Welsh Muslim scholar (1949–2021)

Merryl Wyn Davies (23 June 1949 – 1 February 2021) was a Welsh Muslim scholar, writer and broadcaster. She specialised in Islam, and was the co-author of books and articles with Ziauddin Sardar. An exponent of Islamic anthropology, she was director of the Muslim Institute in London.

==Biography==
Merryl Wyn Davies was born on 23 June 1949, in Merthyr Tydfil, Wales. She attended Cyfarthfa Grammar School for A levels. After reading anthropology at University College, London, she began a career in broadcasting and journalism. Following jobs with local Welsh newspapers, and a stint with BBC Radio, Davies spent a decade with BBC TV Religious programmes, working on such award-winning shows as ‘Everyman’, ‘Heart of the Matter’ and ‘Global Report’ and the series, Encounters with Islam.
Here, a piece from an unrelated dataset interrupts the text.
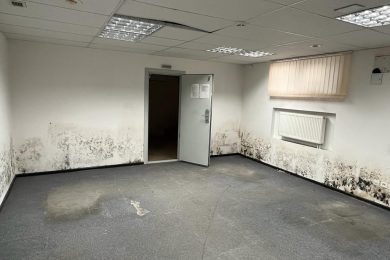 Предлагаем к аренде помещение свободного назначения, площадью 656 м² по ул. Ленина 219, р-н Ленинский  , напрямую от собственника._21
She converted to Islam in 1981, at the age of 31. In 1985, she left the BBC to write independently and to work for the London-based Muslim magazine Inquiry. During the 1990s, she worked as advisor and speech writer for Anwar Ibrahim, a former Deputy Prime Minister of Malaysia and later the Leader of the Opposition; and produced the ‘Faces of Islam’ series for TV3 Malaysia. When Ibrahim was arrested, Wyn Davies fled, and moved to Singapore. She returned to the UK in 1996 and became Media Officer for the Muslim Council of Britain. In 2010, she joined the Muslim Institute of London to become its director.

== Thought ==

Davies pioneered a new approach to Islamic anthropology and a highly original critique of America based on Hollywood films. In her work, Knowing One Another: Shaping an Islamic Anthropology, Davies developed a new mode of inquiry which she described, "after ibn Khaldun, as ilm ul umran": a radical discourse shaped by dialogue between civilisations and cultures and based on an holistic understanding of what it means to be human.
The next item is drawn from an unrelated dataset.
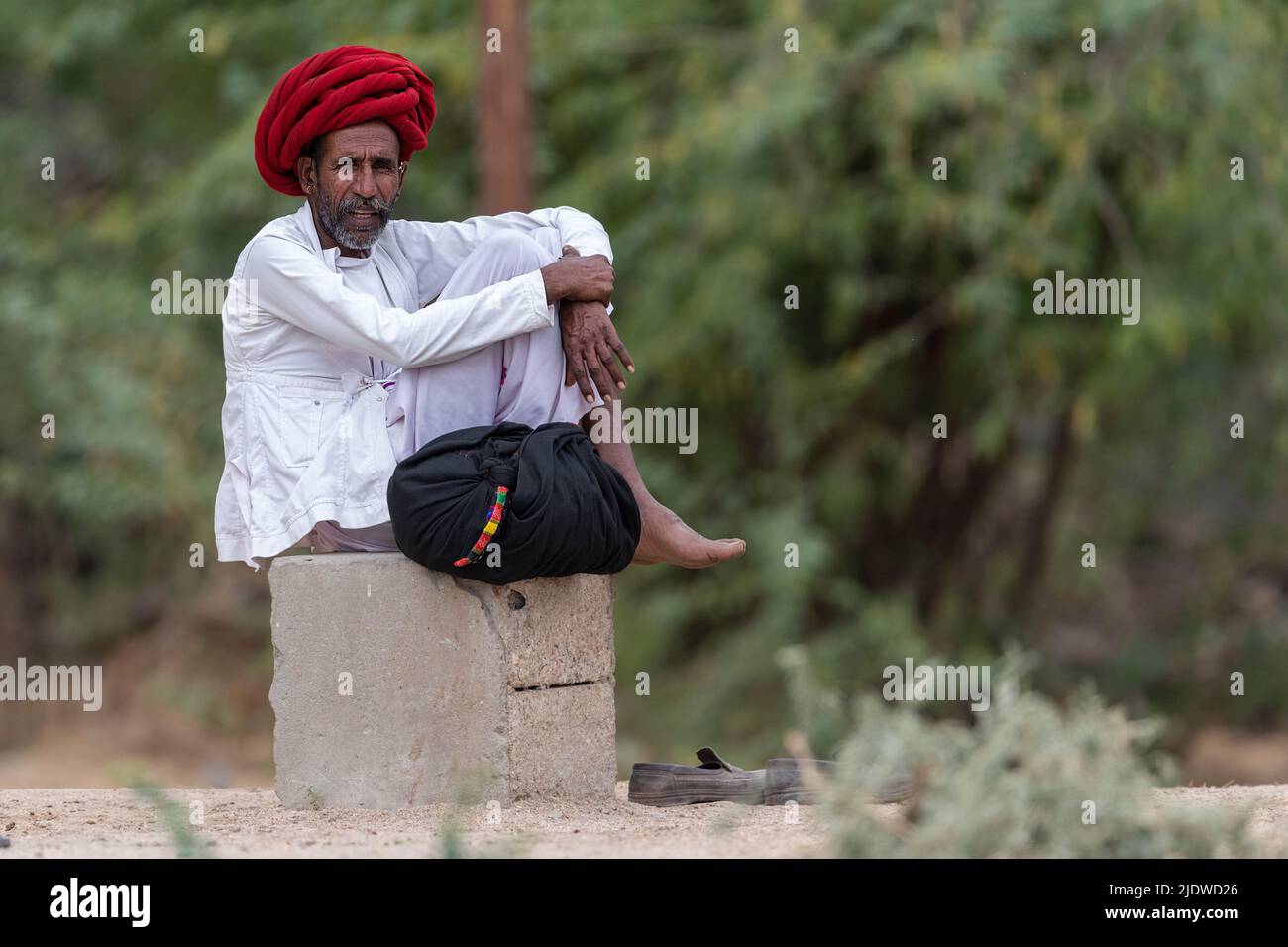 Mann aus rajasthan, Indien. Stockfoto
In three books about the United States, co-written with Ziauddin Sardar, Davies developed "laws of American mythology" ("Fear is essential"; "Escape is the reason for being", "America is the idea of nation", "American democracy has the right to be imperial and express itself through empire", "cinema is the engine of empire", etc.) which, Davies argued, are essential to understanding the psychology of the United States.

== Death ==
Having returned to her "adopted country" of Malaysia in 2018, Merryl Wyn Davies died on 1 February 2021, aged 71, in Petaling Jaya, Kuala Lumpur, of a heart attack following a period of ill health.

==Books==
- Introducing Anthropology, Icon Books, Cambridge, 2002
- Darwin and fundamentalism (2000)
- Beyond Frontiers: Islam and Contemporary Needs, Mansell, London, 1989
- Knowing one another: Shaping an Islamic anthropology (1988)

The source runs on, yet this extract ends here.